When history decides to shift, people are always looking in the wrong direction. That’s what makes so-called tipping points so unsettling — the experts miss them so often. In the case of Egypt, nobody expected peaceful popular uprisings to topple Mubarak. The Arab world was focused on the dangers of Iran or the Muslim Brotherhood, al-Qaeda or Israel. It was taken for granted that the repressive regimes of the Arab world were here to stay, backed by the military, secret police, and powerful friends on the side like the United States.

History apparently had different ideas, and so we stand at a moment like the fall of the Berlin Wall, where a society collectively says, “Enough is enough.” The way in which collective consciousness makes such decisions is mysterious. The day before change occurs, there’s every reason to think it won’t. Hosni Mubarak had been in place for thirty years, Soviet Communism for seventy. What we will see now is a great deal of backing and filling as the experts tell us all the factors that made this a predictable upheaval, and the pro-Mubarak West eats a little crow for not supporting the protest movement quickly or strongly enough. One of the protesters had appealed to an American reporter, “Why can’t you see that we are just like you?” A good question.

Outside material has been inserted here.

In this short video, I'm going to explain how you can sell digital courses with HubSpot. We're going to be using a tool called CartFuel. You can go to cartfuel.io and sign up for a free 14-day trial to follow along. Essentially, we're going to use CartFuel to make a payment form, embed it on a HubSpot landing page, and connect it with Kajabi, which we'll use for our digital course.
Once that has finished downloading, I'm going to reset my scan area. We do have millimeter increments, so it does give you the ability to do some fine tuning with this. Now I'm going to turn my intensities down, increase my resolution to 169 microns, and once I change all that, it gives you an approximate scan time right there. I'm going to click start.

The day after a tipping point is always full of danger. Post-Soviet Russia lost an empire, witnessed the rise of mobsters and oligarchs, spun into widespread corruption, and eventually defaulted on the ruble. Freedom came at the price of unleashing forces that an authoritarian system had kept under control, or at least under wraps. Egypt has reached its “Now what?” moment, and if the experts are right, the real issue isn’t the departure of a dictator who outstayed his welcome but of democracy being stifled by the military powers that hold sway almost totally. Much the same structure is in place throughout the Muslim world, with its blend of royal families, oil oligarchs, anti-Israel demagogues, inflammatory clerics, and a booming birth rate.

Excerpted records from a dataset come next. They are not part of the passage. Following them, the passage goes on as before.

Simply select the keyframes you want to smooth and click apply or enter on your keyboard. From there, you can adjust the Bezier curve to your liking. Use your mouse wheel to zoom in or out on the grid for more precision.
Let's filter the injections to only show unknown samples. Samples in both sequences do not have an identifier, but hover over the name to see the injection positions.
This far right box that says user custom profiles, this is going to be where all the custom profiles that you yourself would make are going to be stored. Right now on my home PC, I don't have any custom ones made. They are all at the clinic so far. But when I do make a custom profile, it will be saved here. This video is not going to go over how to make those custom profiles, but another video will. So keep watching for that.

In other words, “Now what?” doesn’t seem to have any good answers. Egypt, like the rest of the Arab world, waited too long to educate its poor, illiterate population, stripped its wealth to favor the privileged few, obstructed the rise of the next generation, and fell far behind the curve in technology and modern industry. Those factors remain a huge stumbling block. And yet this moment had to come, and we can look upon India, which had exactly the same problems twenty years ago but managed to turn the corner in spectacular fashion. The secret is to reverse course and change hidebound policies.

Clearly such a reversal isn’t in the interests of the military or the ruling elites in the Middle East, because their greatest fear is the rise of the populations they suppress in order to remain in power. The status quo benefits the few, but it’s the few who hold the reins of every institution except the mosque. India prided itself, as it still does, on being the world’s largest (and messiest) democracy. So it would seem that before history can truly move ahead in the Arab world, the rise of the dispossessed must be allowed to occur, and that cannot happen without democracy. Despite their huge problems, Arab countries need to exist for the people. “Now what?” doesn’t have a simple answer, but the immediate need couldn’t be more clear.